Guide · Observability

MCP server metrics

Metrics are the cheapest form of observability: a few hundred bytes of counter and histogram data exported every 15 seconds can alert you to a rising error rate, a latency spike, or a resource saturation condition minutes before users notice. For MCP servers, the key metrics are: total tool call count (by tool name and outcome), call duration distribution, active session count, and circuit-breaker state. This guide walks through adding prom-client to an MCP server, exposing a /metrics endpoint, building a Grafana dashboard, and writing alert rules that wake you up when something is actually wrong — not just noisy.

TL;DR

Install prom-client.
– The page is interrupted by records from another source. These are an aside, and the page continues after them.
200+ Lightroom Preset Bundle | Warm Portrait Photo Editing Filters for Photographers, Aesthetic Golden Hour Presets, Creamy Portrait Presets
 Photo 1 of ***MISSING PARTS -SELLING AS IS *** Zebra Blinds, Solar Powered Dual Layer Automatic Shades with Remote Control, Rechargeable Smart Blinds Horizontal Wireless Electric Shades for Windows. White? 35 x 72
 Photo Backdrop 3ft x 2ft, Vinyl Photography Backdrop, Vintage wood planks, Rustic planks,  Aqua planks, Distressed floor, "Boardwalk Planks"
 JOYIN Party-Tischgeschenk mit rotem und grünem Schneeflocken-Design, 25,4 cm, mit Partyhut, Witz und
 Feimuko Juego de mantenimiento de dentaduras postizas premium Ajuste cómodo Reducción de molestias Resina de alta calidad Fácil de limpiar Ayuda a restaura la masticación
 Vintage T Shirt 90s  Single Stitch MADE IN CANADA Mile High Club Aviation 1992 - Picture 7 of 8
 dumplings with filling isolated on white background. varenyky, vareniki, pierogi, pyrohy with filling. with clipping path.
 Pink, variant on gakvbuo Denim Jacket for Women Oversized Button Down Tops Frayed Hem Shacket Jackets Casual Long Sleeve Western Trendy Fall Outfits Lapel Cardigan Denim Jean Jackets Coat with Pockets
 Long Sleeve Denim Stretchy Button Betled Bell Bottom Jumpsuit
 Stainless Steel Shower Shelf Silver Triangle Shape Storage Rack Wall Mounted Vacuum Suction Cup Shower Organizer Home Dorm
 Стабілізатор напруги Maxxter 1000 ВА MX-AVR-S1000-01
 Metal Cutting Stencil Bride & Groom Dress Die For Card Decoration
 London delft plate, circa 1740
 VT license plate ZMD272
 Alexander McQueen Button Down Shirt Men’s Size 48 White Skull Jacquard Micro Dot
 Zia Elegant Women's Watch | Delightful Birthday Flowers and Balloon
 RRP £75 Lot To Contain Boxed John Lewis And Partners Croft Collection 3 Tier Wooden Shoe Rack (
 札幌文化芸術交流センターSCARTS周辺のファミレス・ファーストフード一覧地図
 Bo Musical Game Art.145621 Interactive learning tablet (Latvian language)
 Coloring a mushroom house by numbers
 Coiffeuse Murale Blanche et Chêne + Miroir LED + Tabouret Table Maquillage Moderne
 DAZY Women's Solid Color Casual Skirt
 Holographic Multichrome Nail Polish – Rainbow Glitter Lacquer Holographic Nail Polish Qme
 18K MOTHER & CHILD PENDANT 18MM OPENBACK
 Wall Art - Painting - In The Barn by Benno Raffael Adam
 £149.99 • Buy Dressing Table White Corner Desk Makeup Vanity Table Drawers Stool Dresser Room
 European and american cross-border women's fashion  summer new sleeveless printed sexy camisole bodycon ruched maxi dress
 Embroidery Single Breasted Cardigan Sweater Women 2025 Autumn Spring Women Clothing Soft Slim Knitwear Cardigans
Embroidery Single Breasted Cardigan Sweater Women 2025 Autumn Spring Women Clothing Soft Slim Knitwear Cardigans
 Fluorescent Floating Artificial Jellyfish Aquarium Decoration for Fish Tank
Create a Registry and four instruments: mcp_tool_calls_total (counter, labels: tool_name, status), mcp_tool_duration_seconds (histogram), mcp_active_sessions (gauge), mcp_circuit_breaker_open (gauge per dependency). Expose GET /metrics on a separate port so Prometheus can scrape it without going through your MCP transport. Build three Grafana panels: tool call rate, P99 latency by tool, error rate by tool. Set two alerts: error rate > 5% for 5 minutes, P99 latency > 2s for 5 minutes. Pair with AliveMCP external probes for failures that happen before a single metric is emitted.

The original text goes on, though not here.